In December 2020, Illinois pastor Stephen Lee traveled to Freeman’s home and spoke with her neighbor, intending to mislead Freeman and “influence her testimony in an official proceeding,” prosecutors allege in the indictment.
They say Lee enlisted Black Voices for Trump leader Harrison Floyd to help persuade Freeman, who feared talking to Lee “because he was a white man.” Both Freeman and Moss are Black.
A month later, Floyd recruited Trevian Kutti — a former publicist for rapper and Trump ally Ye, previously known as Kanye West — to join their efforts, according to the indictment. Kutti met with Freeman at the behest of an unidentified “high-profile individual” and urged Freeman to confess to Trump’s election fraud claims or go to jail within 48 hours, Reuters reported.
Eric Segall, another law professor at Georgia State University, said the role played by the election workers in the indictment’s broader narrative creates a racial component to the case, one that is less present in the ex-president’s other criminal cases.
The women were an impediment to efforts to change election results in a state where civil rights organizing propelled the movement forward. At a future trial — which would likely be televised, thanks to Georgia’s court rules — race would play an inevitable role, he said.
“We have these white, northern … lawyer, powerful men-types intimidating these Black women,” Segall said. “It has a symbolism about it, and images can be really powerful.”
The false claims of election fraud that rapidly spread through Trump’s orbit and right-wing spaces caused Freeman and Moss to face harassment and threats they have said altered their lives.
“I don’t do nothing anymore. I don’t want to go anywhere. I second guess everything I do. It’s affected my life in a major way. In every way.
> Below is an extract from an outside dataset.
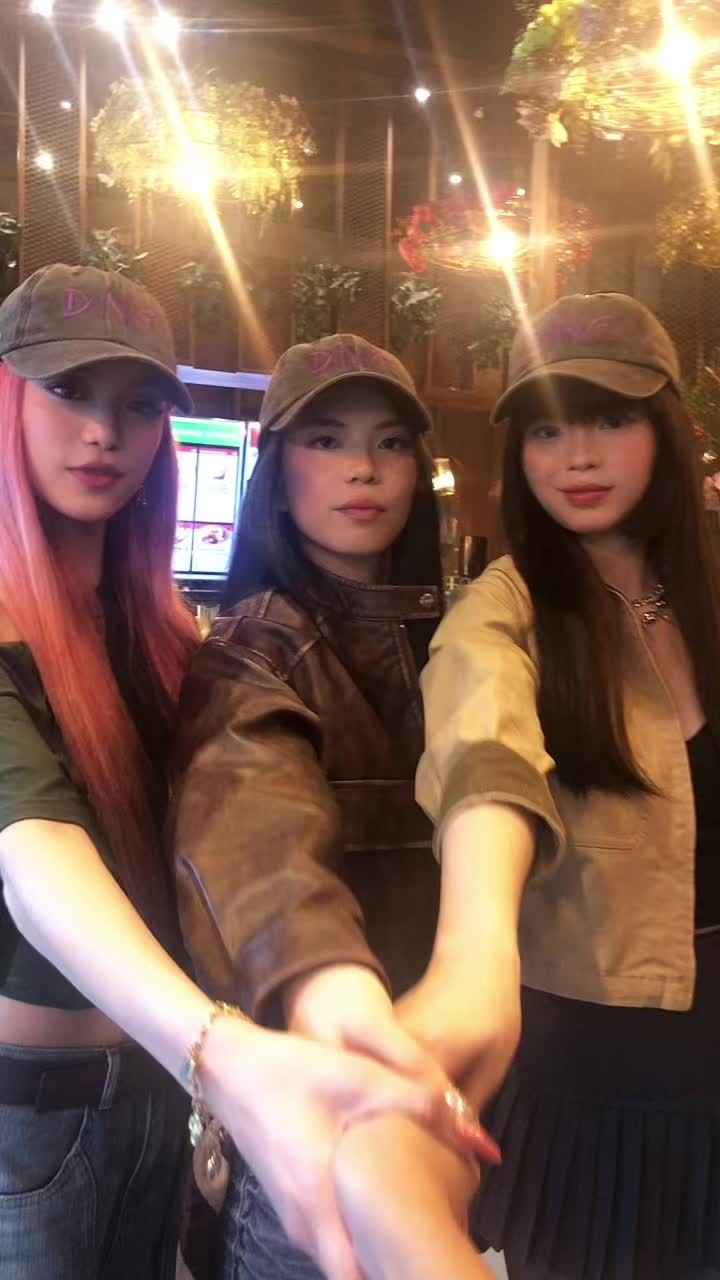 @mychaaaa_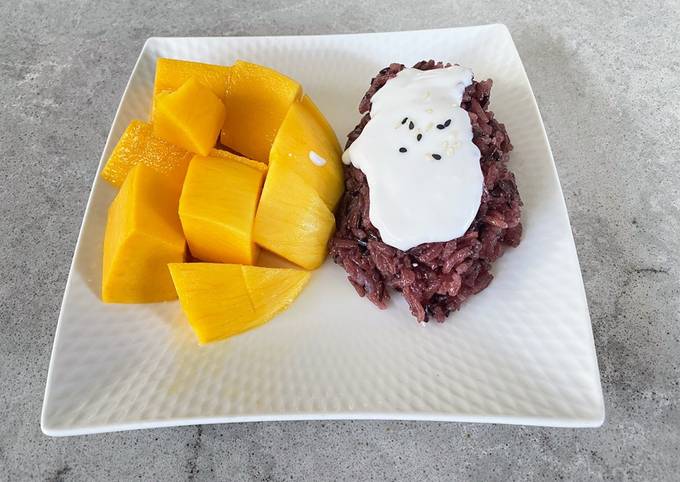 Coconut-Flavored Sticky Rice with Mangoes Recipe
All because of lies,” Moss testified during a Jan. 6 committee hearing.
Keyes Fleming said those types of details could personalize the case and be compelling for jurors.
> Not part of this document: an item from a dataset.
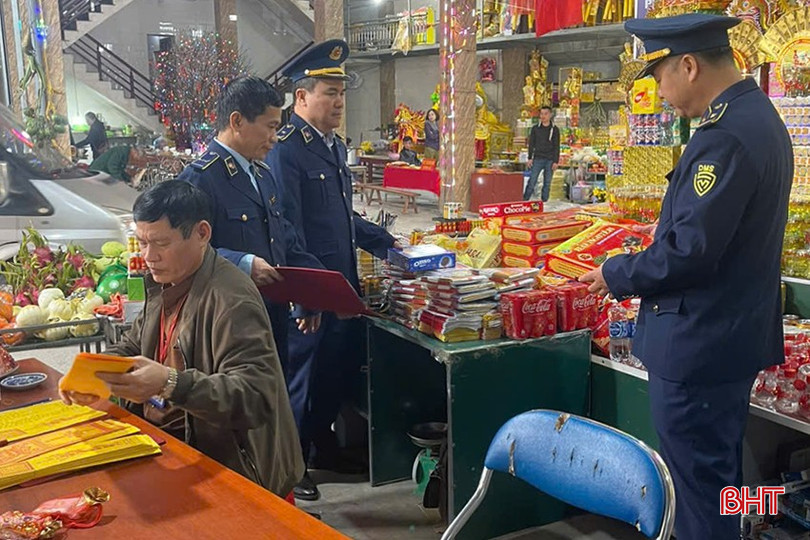 Đội QLTT số 2 kiểm tra hàng hóa, hoạt động kinh doanh tại khu vực đền Chợ Củi. bqbht_br_3.jpg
“Many jurors can see themselves as that ordinary citizen who’s just trying to support voting rights or trying to volunteer for the greater good in some way, shape or form. And then … they find themselves in the crosshairs of vitriolic lies and attempts to undermine their credibility,” she said.
“In my experience, testimony like that can be persuasive.”
Freeman and Moss have sued Giuliani themselves for defamation over his election fraud claims, which a series of probes led by three law enforcement agencies found “were false and unsubstantiated.”
Giuliani wrote in court filings he will “not contest” that his statements were “false” and “carry meaning that is defamatory” but maintained that they were “constitutionally protected.”
But Keyes Fleming said there’s another important distinction about having the false statements about Freeman addressed in a criminal case versus a civil defamation suit where the two women could receive monetary damages.
“It’s not about reimbursement …. It’s more about punishment for a crime that’s consistent with the level of accountability for a particular act,” she said.
Though Trump’s efforts to subvert Georgia’s election results ultimately failed, the indictment makes clear his and his allies’ alleged actions were “not a victimless crime at all,” Segall said.
“Bringing in Ruby Freeman and her daughter shows a very human cost to what these people were doing,” he said.